The justification, you'll remember, was that Saddam--and his tiny minority of Tikriti Sunnis--must remain in power to preserve the stability of Iraq. Almost no one asked then, and almost no one asks now, why Iraq's stability is such an obvious good. It certainly does little for the Kurds or the majority Shia. (The West's false equation of Iraqi stability with Sunni domination is an old story that dates back to British plenipotentiary Gertrude Bell's establishment of the Hashemite Sunni monarchy 80 years ago.) And who in the region has a desperate interest in seeing the Iraqi Shia kept down? The Saudis, who fear the example they may set for their Shia brethren across the border. James Baker served as paladin for the Saudi royals while Poppy's secretary of state and with The Carlyle Group as transfer agent, and he now serves as banker and counselor to Riyadh. Baker, more than any American not on the Supreme Court, put W. in the White House. And so for the president now to defy him and the Saudis is a kind of declaration of independence.

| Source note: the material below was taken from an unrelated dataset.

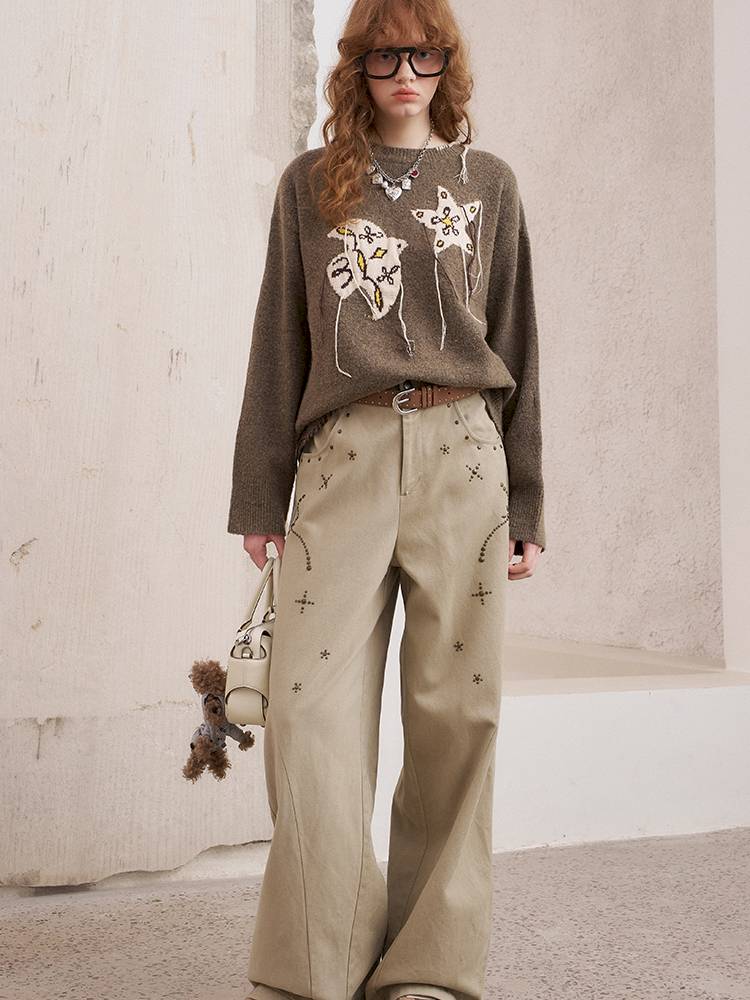 Imitation hot diamond straight loose trousers【s0000014385】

Baker's New York Times op-ed last week, then, can be read as a public throwing-in of the towel. Yes, he wants a Security Council resolution warranting military action and is willing to tarry to get one. Yes, he'd prefer Arab governments to join an international coalition like the one that prevented a march on Baghdad in 1991. But, costly though he thinks it will be in blood and treasure, Baker nonetheless declared for all to see, "The only realistic way to effect regime change in Iraq is through the application of military force, including sufficient ground troops." Baker's apostasy from the Republican establishment's "go easy on Iraq" faction is devastating to them.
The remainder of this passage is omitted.